* EXERCISE DIRECTIONS
Without the pictures, restate all of the data below word for word.

* DATA SECTION
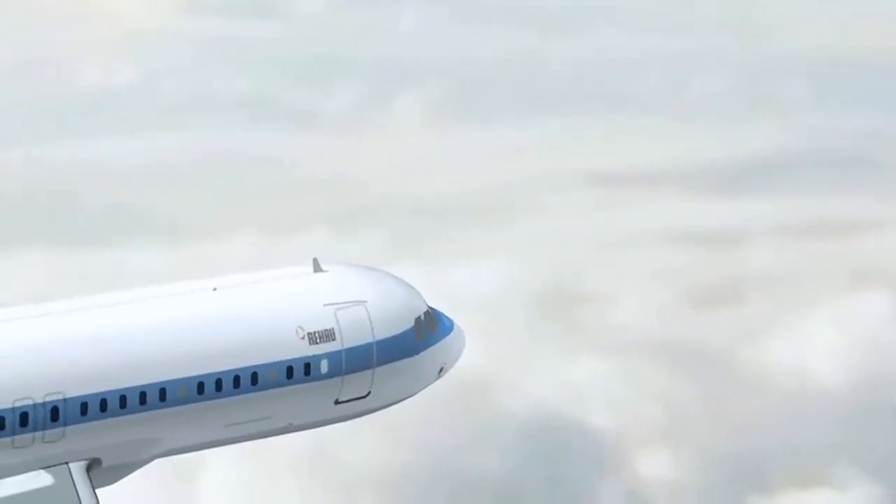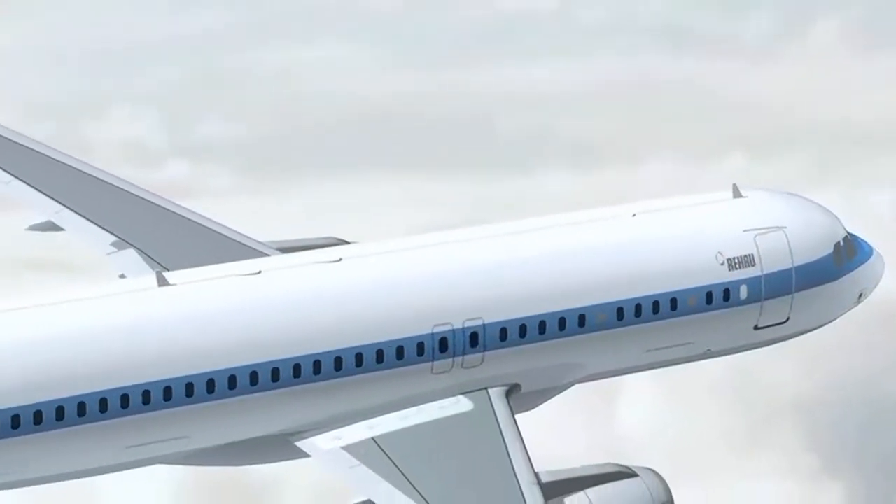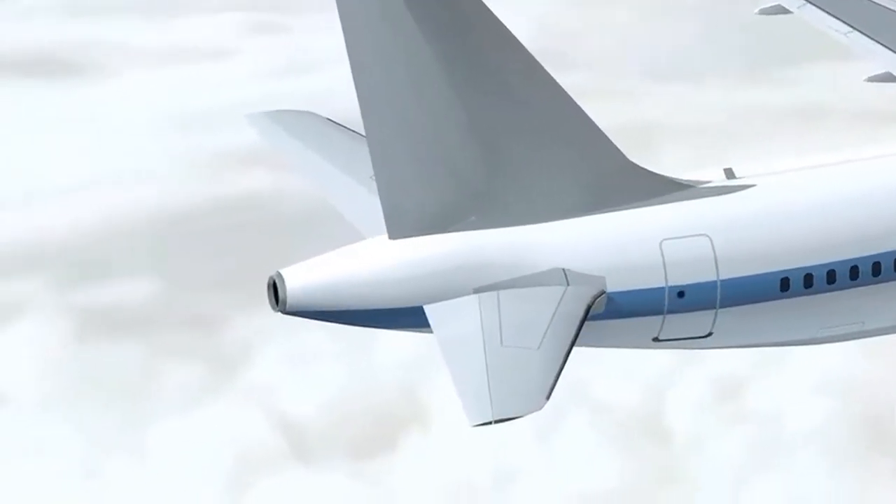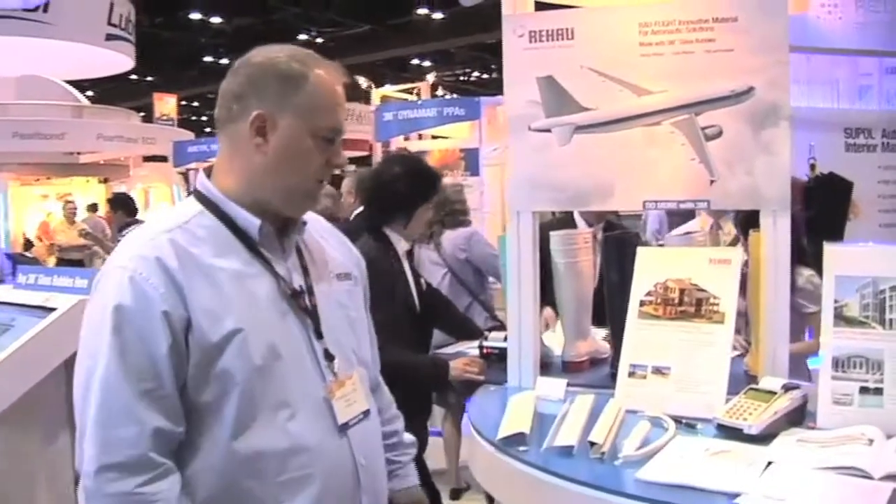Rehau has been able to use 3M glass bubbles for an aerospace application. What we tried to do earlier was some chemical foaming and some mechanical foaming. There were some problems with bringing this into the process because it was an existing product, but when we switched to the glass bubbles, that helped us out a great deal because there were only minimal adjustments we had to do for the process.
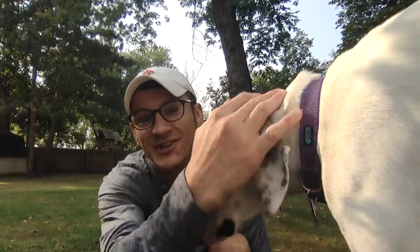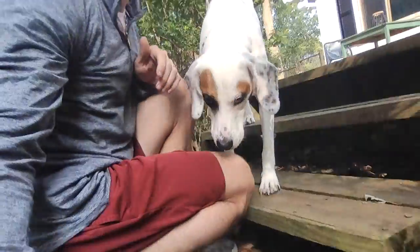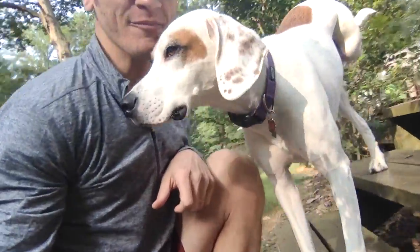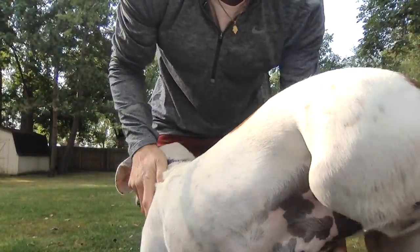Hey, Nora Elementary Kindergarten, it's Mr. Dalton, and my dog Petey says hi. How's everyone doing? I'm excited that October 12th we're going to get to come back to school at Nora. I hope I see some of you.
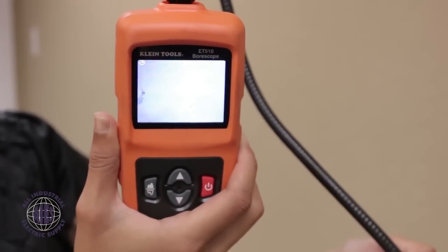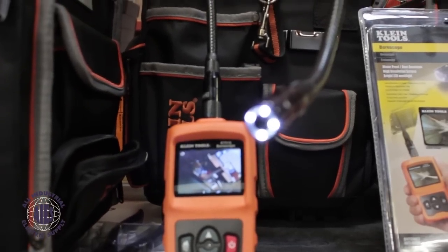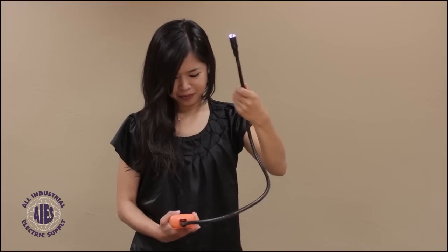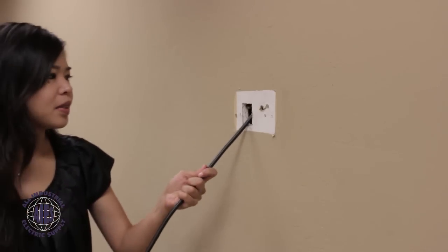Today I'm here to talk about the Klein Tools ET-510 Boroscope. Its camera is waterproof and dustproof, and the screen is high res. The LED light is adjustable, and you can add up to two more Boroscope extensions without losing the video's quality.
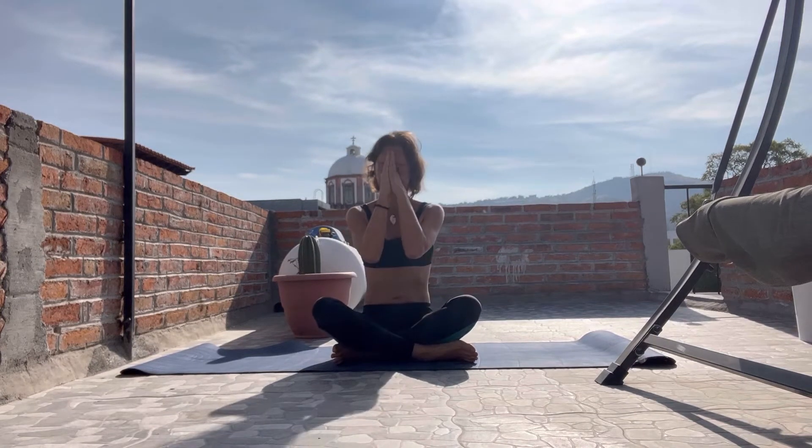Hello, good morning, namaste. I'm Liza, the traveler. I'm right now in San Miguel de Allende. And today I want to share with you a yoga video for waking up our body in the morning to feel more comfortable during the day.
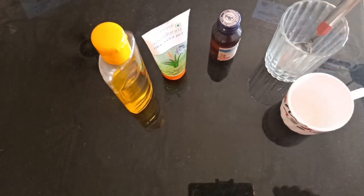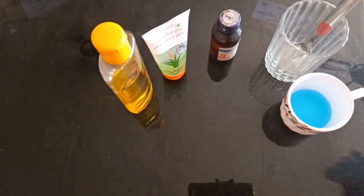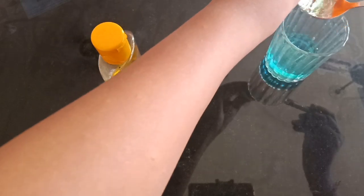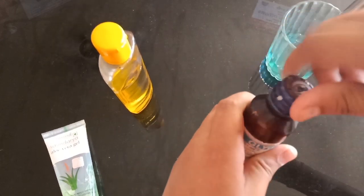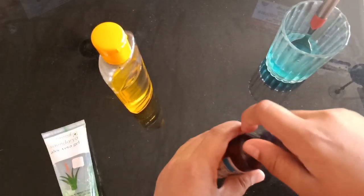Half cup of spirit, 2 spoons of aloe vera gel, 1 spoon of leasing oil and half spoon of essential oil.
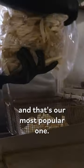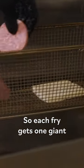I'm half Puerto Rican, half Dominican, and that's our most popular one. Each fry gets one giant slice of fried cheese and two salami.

* ANSWER
Rehau has been able to use 3M glass bubbles for an aerospace application. What we tried to do earlier was some chemical foaming and some mechanical foaming. There were some problems with bringing this into the process because it was an existing product, but when we switched to the glass bubbles, that helped us out a great deal because there were only minimal adjustments we had to do for the process.
Hey, Nora Elementary Kindergarten, it's Mr. Dalton, and my dog Petey says hi. How's everyone doing? I'm excited that October 12th we're going to get to come back to school at Nora. I hope I see some of you.
Today I'm here to talk about the Klein Tools ET-510 Boroscope. Its camera is waterproof and dustproof, and the screen is high res. The LED light is adjustable, and you can add up to two more Boroscope extensions without losing the video's quality.
Hello, good morning, namaste. I'm Liza, the traveler. I'm right now in San Miguel de Allende. And today I want to share with you a yoga video for waking up our body in the morning to feel more comfortable during the day.
Half cup of spirit, 2 spoons of aloe vera gel, 1 spoon of leasing oil and half spoon of essential oil.
I'm half Puerto Rican, half Dominican, and that's our most popular one. Each fry gets one giant slice of fried cheese and two salami.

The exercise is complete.